What to produce:
Though the records contain pictures, copy none of them; repeat exactly the lines from the one with "There have been" to the end.

Available data:

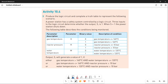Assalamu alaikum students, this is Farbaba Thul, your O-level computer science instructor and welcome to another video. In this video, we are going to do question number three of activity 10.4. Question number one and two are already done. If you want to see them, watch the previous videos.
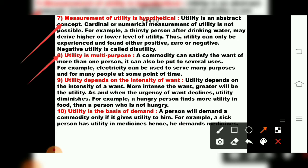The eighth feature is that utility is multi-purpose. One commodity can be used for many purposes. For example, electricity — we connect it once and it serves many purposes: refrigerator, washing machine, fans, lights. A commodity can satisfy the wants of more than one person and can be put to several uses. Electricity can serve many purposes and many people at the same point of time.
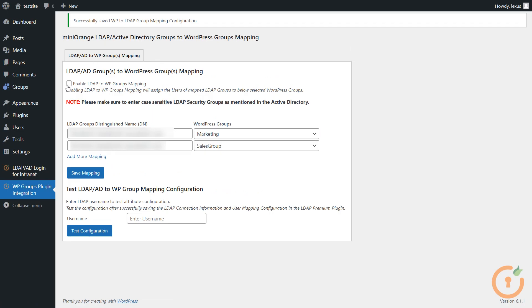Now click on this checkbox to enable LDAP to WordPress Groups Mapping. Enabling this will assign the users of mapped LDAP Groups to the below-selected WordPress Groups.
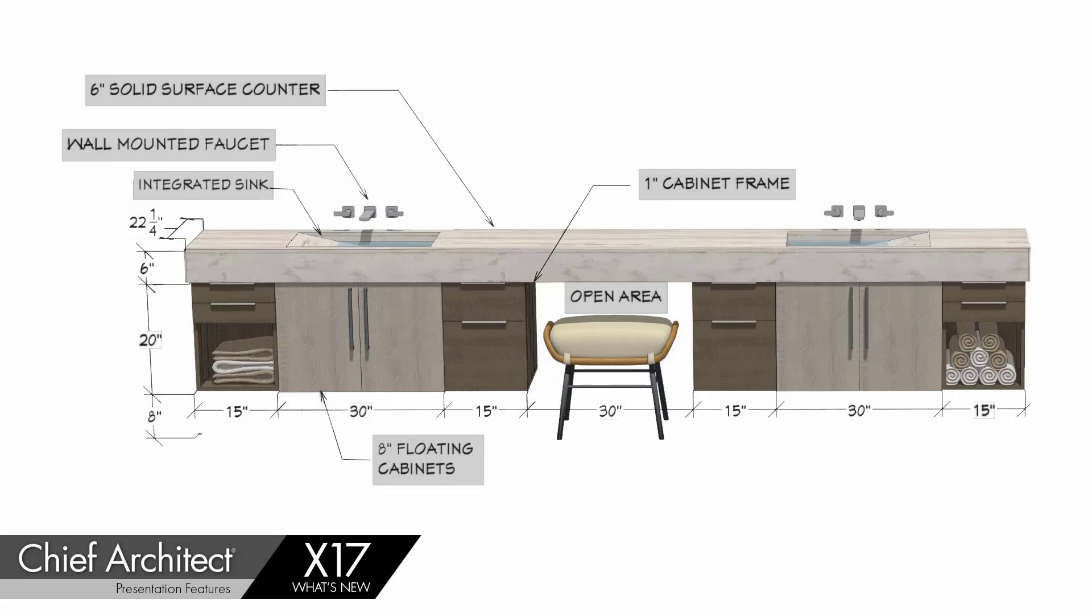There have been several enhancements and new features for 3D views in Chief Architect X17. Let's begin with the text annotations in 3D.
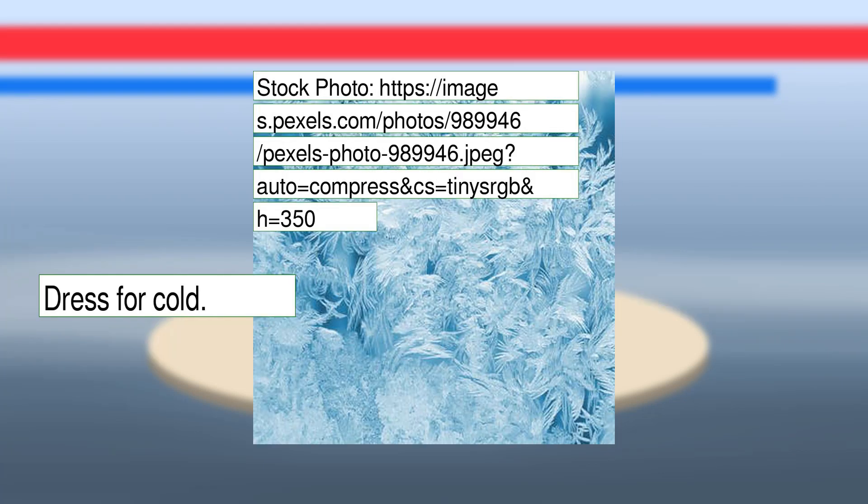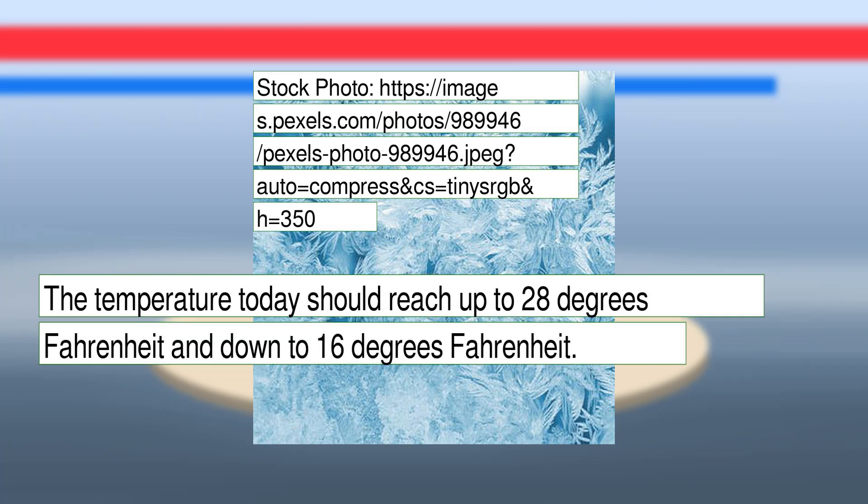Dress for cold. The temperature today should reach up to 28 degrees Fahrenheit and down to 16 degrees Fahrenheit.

Written response:
There have been several enhancements and new features for 3D views in Chief Architect X17. Let's begin with the text annotations in 3D.
Dress for cold. The temperature today should reach up to 28 degrees Fahrenheit and down to 16 degrees Fahrenheit.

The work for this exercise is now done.